## Records shown
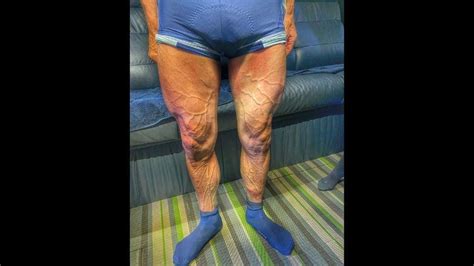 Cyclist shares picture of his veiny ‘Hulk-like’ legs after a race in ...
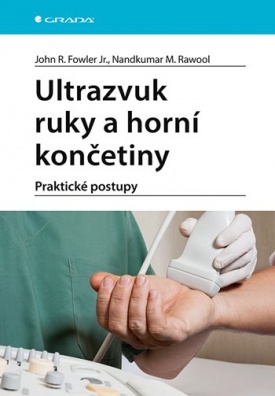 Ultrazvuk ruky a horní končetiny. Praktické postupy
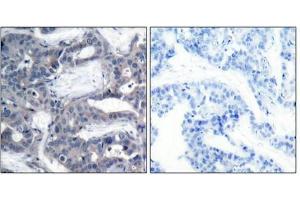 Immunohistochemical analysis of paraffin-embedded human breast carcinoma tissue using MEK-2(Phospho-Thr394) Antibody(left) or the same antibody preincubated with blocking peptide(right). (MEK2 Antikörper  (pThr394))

==

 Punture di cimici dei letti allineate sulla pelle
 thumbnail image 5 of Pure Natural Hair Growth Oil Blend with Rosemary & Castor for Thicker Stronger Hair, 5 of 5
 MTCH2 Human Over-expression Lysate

## What you have to do
Range to copy from the listing above: the line containing "race in ..." down to the line containing "Immunohistochemical analysis of", both included. Reproduce it exactly, minus the pictures, and add nothing.

## Output of the task
 Cyclist shares picture of his veiny ‘Hulk-like’ legs after a race in ...
 Ultrazvuk ruky a horní končetiny. Praktické postupy
 Immunohistochemical analysis of paraffin-embedded human breast carcinoma tissue using MEK-2(Phospho-Thr394) Antibody(left) or the same antibody preincubated with blocking peptide(right). (MEK2 Antikörper  (pThr394))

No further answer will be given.